Tezin Türü: Yüksek Lisans

Tezin Yürütüldüğü Kurum: Orta Doğu Teknik Üniversitesi, Uygulamalı Matematik Enstitüsü, Finansal Matematik Anabilim Dalı, Türkiye

Tezin Onay Tarihi: 2019

Tezin Dili: İngilizce

Öğrenci: GÜNAY BURAK KOÇER

Danışman: Sevtap Ayşe Kestel

Özet:

Early warning models are needed to ensure that relevant stakeholders would not cause worse outcomes by ignoring the risks. Specific to the insurance sector, this risk is about meeting the obligations and its sustainability. In this study, an early warning model is formed using the ratios obtained from the financial statements of insurance companies. The goal of the model is to identify the risk areas and to support the strengthening of the financial structure and taking timely measures in companies. Since the data consisted of annual periods, only non-life insurance companies are included in the analysis. The annual balance sheet and statements of income declared by the Insurance Association of Turkey (IAT) and the annual reports about insurance and private pension activities published by The Republic of Turkey Ministry of Treasury and Finance (TRMTF) are examined based on companies, and ratios to be used in the model are calculated. The data set is composed of 70 financial ratios obtained from the financial statements of all non-life insurance companies operating between 2011-2018. Classifications are determined as credit, liquidity, market, reinsurance, underwriting, technical provisions, reputational, operational, profitability, and capital risks.

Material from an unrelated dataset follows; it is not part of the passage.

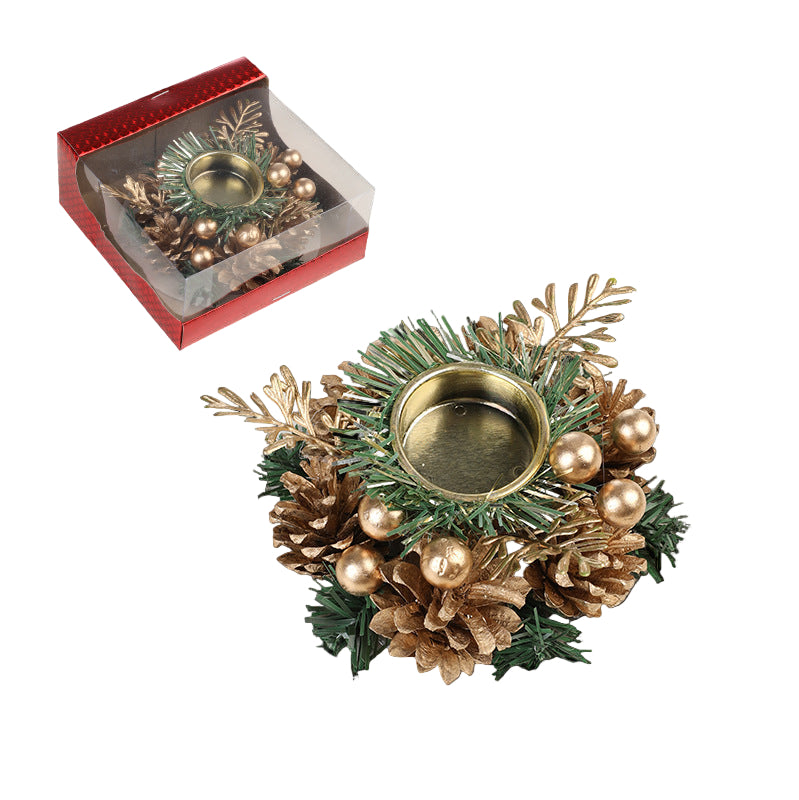 Christmas Artificial Pinecone Candle Holder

In the developed model, the values realized in 2018 are estimated with machine learning methods by using the data of 2011-2017. Random Forest, Neural Networks, Gradient Boosting Machine and Extreme Gradient Boosting are used as analysis methods, and Boruta is used as a feature selection method. Capital requirement ratio is chosen as the dependent variable. The other 69 ratios are the independent variables and this set is reduced to 22 independent variables by the Boruta method. Analyzes are conducted on two datasets with 69 and 22 independent variables and the results are compared. Furthermore, after predicting the 2018 values for above mentioned 38 non-life insurance companies and doing stage classifications with those values, whether the actual stages match with the predicted stages is evaluated. The best estimate accuracy belongs to Random Forest and Gradient Boosting Machine methods with 87%. The predictive power decreases with 22 independent variables, but the results are still close to each other. Then, performances of machine learning models are compared over capital adequacy classification. In this comparison, the best predictive method is Neural Networks with 95% accuracy.